Thursday, June 2, 2011

Eau de Toilette


So here at my office we have public washrooms. 

Obviously right? 



I am fortunate that they are tucked away privately, are clean, and amply sized. It certainly makes going to them less of a horror story- as has been the case in other communal washrooms. I have once had to use one that smelled like dirty old Chinese food and one where there were only 2 available stalls for 50 women.



What you learn in public bathrooms is that women are pigs. Sure, we don’t pee on the floor (often) and our washrooms don’t have the never ending smell of stale urine but I have seen things that would make anyone just barf. But that’s just disgusting to delve into and although I like to push boundaries, I also like to eat lunch and will be doing so shortly after this blog gets published. As such, I aim to save my stomach, if nothing else.



But here are 2 things that happened to me this morning that I needed to share.

So, as I said, big washroom- 6 stalls for a small group of people. My go-to is the second to last stall good old number 5. I find that it never looks unkempt. So there I am going about my business when 2 people enter the bathroom. One takes number 6, the other number 4. Why? Give me my fucking privacy people. I feel like it is an unwritten rule that you aim to take the stalls not bordering the occupied one if you can. They could. 
Stall 1 and 3 were totally fine and available. I think it is so rude or weird to choose to sit right next to someone while you do what you do. 
Maybe it is only my rule but I firmly stand by my washroom ideals.

Anyways- a mistake I am willing to overlook as I guess people are free to sit wherever they want. So fine, sit next to me ladies. Whatever. I can hear you pee.

So on my second visit this morning, I am in the stall and I hear someone, who has kindly sat 3 stalls away from me, taking a dump.
It is always kind of embarrassing to dump publicly and I get mega stage fright when I l know that people can hear but life is life and dumping is a part of it- a shitty part, but a part (please don’t pardon my pun).
So she is just going at it and amidst the sounds of dumping I hear hissing- really loud hissing noises. Intrigued, I linger at the sink wondering what on earth could be happening in that stall for a hiss to come out. Suddenly, and without warning the air in the huge washroom because musty, almost unbreathable and the smell of lavender (but fake lavender- not the good kind) is wafting through the air. 

I realize that this dumping woman is spraying an aerosol can of odor eaters to mask her poo.

I gag and make a run for the door knowing that without my consent, I will now spend the day with the faint aroma of cheap lavender bathroom lingering in my hair- my hair always catches smells, this will be no exception.

So first of all, don’t do that shit (again, note the pun) in public. 

Pubic bathrooms, even the most pristine ones always smell a bit like poo- how gross could you be that yours needs air treatment.
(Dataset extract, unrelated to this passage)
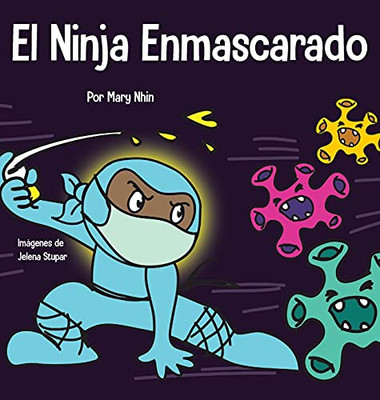 El Ninja Enmascarado: Un Libro Para Niños Sobre La Bondad Y La Prevención De La Propagación Del Racismo Y Los Virus (Spanish Edition)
Like perfume, I think it is SO inconsiderate to overdo a spray smell. I now have to find another floor to use the bathroom on or suffer migraines related to your spray and subsequent lingering odor all fucking day long.

Second, and this goes to pooers in public and private bathrooms alike. I get it, poo doesn't smell good, it is gross and it can be serious- BUT masking it with a fruit, laundry, herb, seabreeze or floral smell is SO much more awful. 

The bathroom I left didn’t end up smelling like lovely lavender- it smelled like air freshner lavender and poo. The smell of your choice does not eliminate the poo- it just adds right on so you get poo+rose, poo+juniper breeze, poo+coconut... You get the picture right?



I know it sounds so cliché but if you cant treat your bathroom the way you would at home- minus the raunch smells- those should just never be used- you deserve constipation.